Restate the data below word for word, omitting pictures.

▶ COLLECTED MATERIAL:
━━━

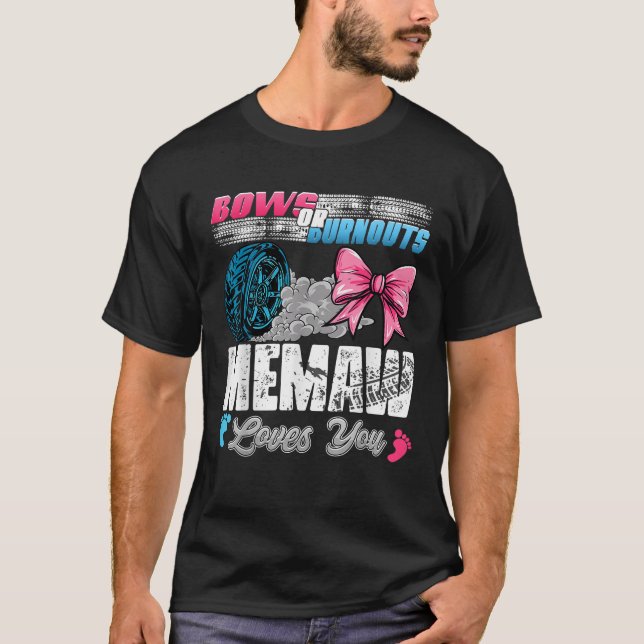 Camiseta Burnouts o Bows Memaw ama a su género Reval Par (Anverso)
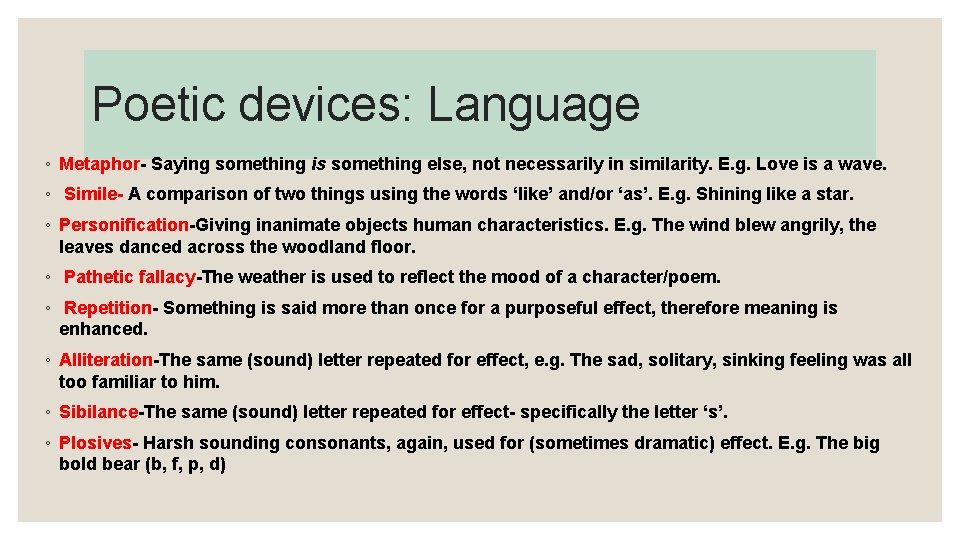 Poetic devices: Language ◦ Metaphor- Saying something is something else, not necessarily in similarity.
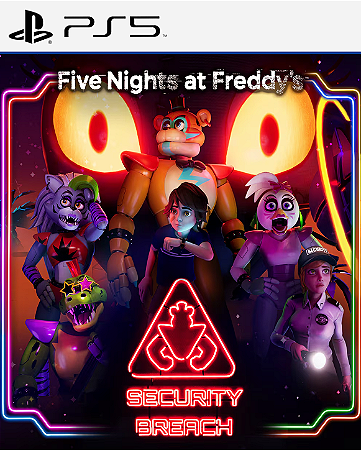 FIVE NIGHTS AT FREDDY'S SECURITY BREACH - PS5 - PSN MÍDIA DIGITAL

━━━

▶ REPLY:
 Camiseta Burnouts o Bows Memaw ama a su género Reval Par (Anverso)
 Poetic devices: Language ◦ Metaphor- Saying something is something else, not necessarily in similarity.
 FIVE NIGHTS AT FREDDY'S SECURITY BREACH - PS5 - PSN MÍDIA DIGITAL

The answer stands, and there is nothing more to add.